Flu Human bird flu cases found in China

Discussion in 'Survival Medicine' started by Quigley_Sharps, Nov 16, 2005.


  1. Quigley_Sharps

    Quigley_Sharps The Badministrator Administrator Founding Member

    BEIJING (Reuters) - Bird flu has killed at least one person in China, officials said on Wednesday, confirming the spread of the deadly virus into people in another large Asian country where it might prove hard to contain.



    One victim in eastern Anhui had died and another in the central province of Hunan was suspected of having been killed by the deadly H5N1 strain of bird flu, China's official Xinhua news agency reported.

    A second person diagnosed with bird flu in Hunan had recovered, it said.

    The deadly H5N1 form of bird flu has already killed more than 60 people in Asia and is endemic in poultry in parts of the region. The previous confirmed deaths were in Vietnam, Thailand, Indonesia and Cambodia.
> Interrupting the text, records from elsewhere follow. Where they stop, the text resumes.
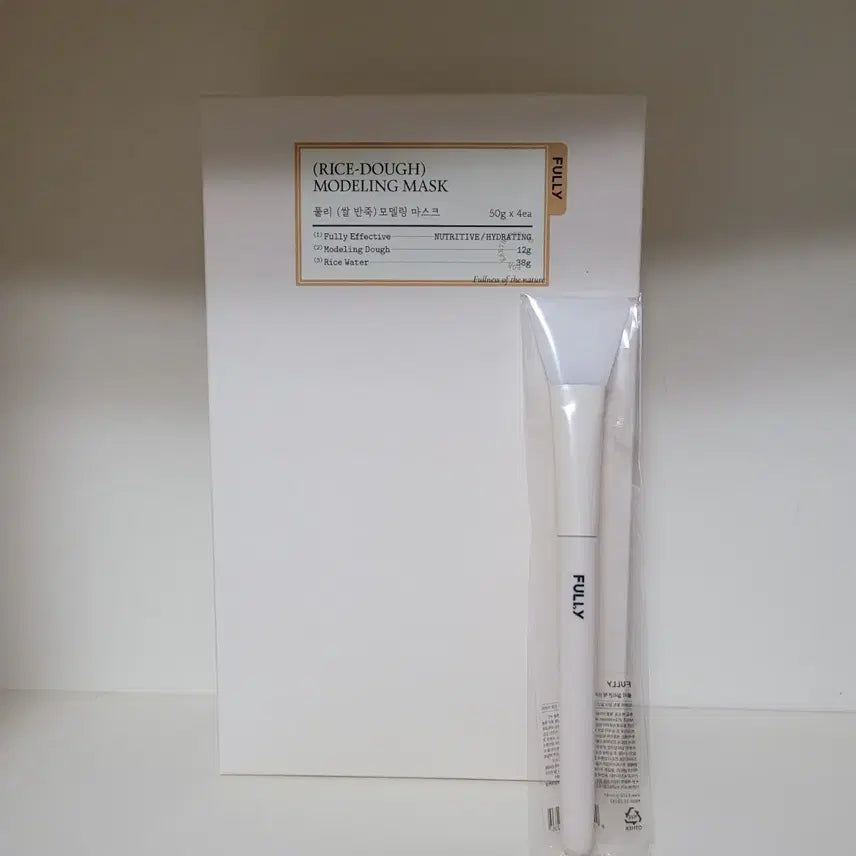 [BUNJANG] Fuly Rice Dough Modeling Mask (4 x 50g) with Brush / 풀리 쌀반죽 모델링 마스크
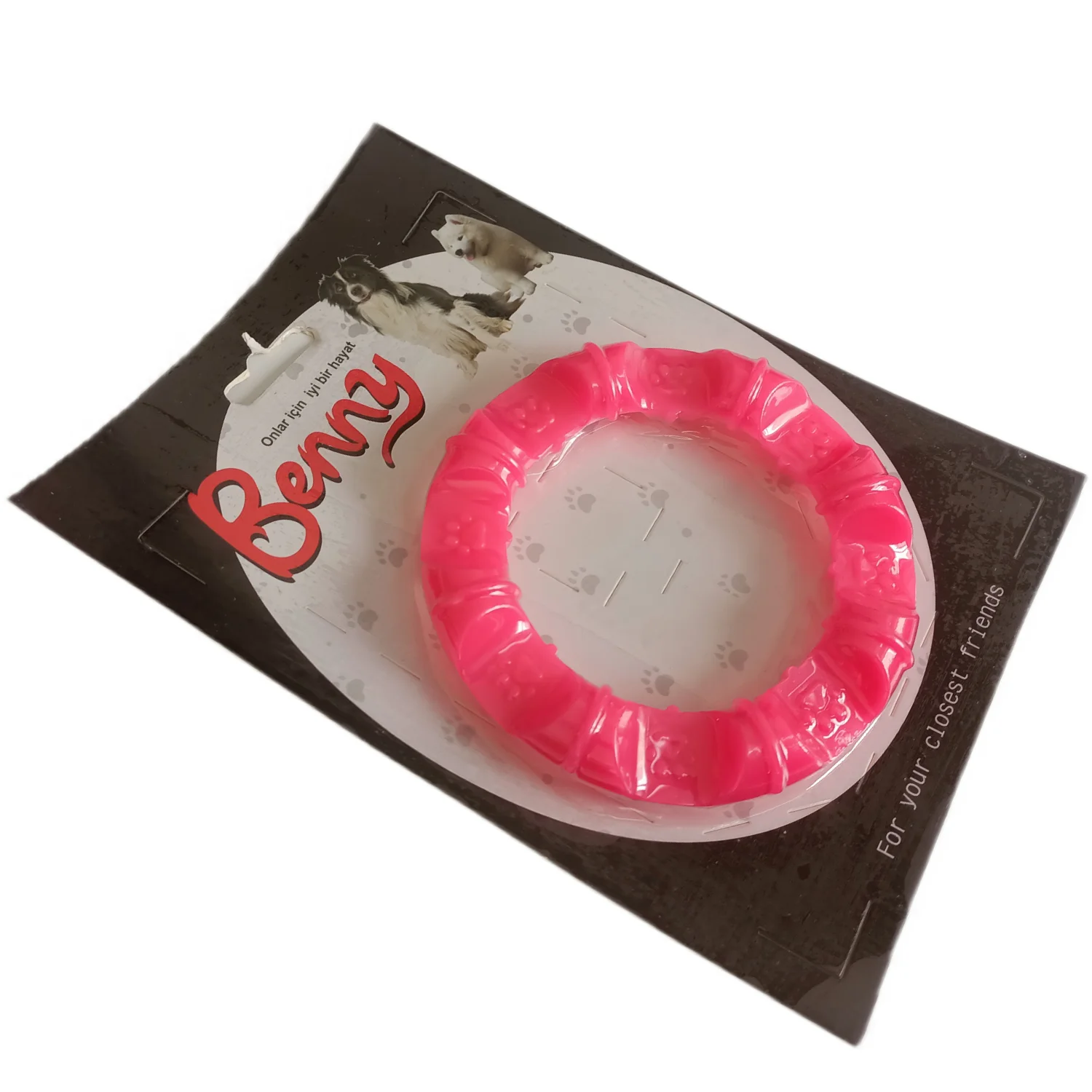 Köpek Oyuncağı Yuvarlak Şekilli 11,5 cm Pembe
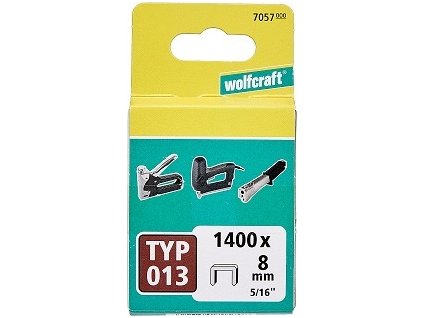 WOLFCRAFT - Spona široká čalounická typ 013, 10,55mm výška 8mm, 1400ks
    The virus remains hard for people to catch and is still essentially a disease in birds. However, experts fear H5N1 could mutate into a form that passes easily among people, just like human influenza, putting millions of lives at risk.

    World Health Organization (WHO) spokesman Roy Wadia said it was no surprise that bird flu had spread to humans in the world's most populous nation.

    "It's not a surprise. It shows that China like other countries that have bird flu in poultry can have human cases," Wadia said.

    China has been trying to contain about a dozen outbreaks of the deadly H5N1 strain of the bird flu virus among poultry in at least six provinces in the past month.

    Xinhua identified the Anhui victim as a 24-year-old woman surnamed Zhou, who fell ill on November 1 and died on November 10. She had had contact with dead chickens and geese on her family farm.

    The WHO said China had informed it that a 9-year-old boy from Hunan province suspected of having bird flu was indeed stricken by the H5N1 virus.

    His 12-year-old sister, who fell ill and died in October, had H5N1 antibodies and most likely succumbed to bird flu, Xinhua and WHO spokesman Wadia said. The children had close contact with infected poultry, Wadia said.

    Chinese officials initially reported that the two children in Hunan had suffered pneumonia and not bird flu, but later invited international experts to help confirm the cases. The boy was discharged from hospital over the weekend.

    ASIA PLANS

    Asian countries are scrambling to halt the spread of bird flu, with mass cullings of birds and vaccination of poultry. China on Tuesday announced plans to vaccinate billions of birds.

    Dr Robert Webster, an influenza expert at St Jude Children's Research Hospital in Memphis Tennessee, said it was too late for a large-scale cull of poultry in countries like China.

    "Poultry vaccines are the key," Webster told a meeting of the Council on Foreign Relations in New York.

    Migratory flocks have carried the virus into birds in eastern Europe and Kuwait and experts believe it will soon reach Africa.

    European union" veterinary experts on Wednesday extended a ban on imports of captive live birds for a further two months to guard against the spread of bird flu.

    ROCHE DEAL

    The main producer of Tamiflu, the drug believed to be the best defense against a possible flu pandemic, has settled a dispute with the drug's inventor over production and royalties.

    Governments have been seeking to stockpile Tamiflu but Swiss drug maker Roche has come under pressure over concerns that production could fall short.

    The drug's inventor, U.S. company Gilead Sciences, will get a greater say in plans to increase production of the drug by farming out parts of the process to third-party producers such as generic drug makers.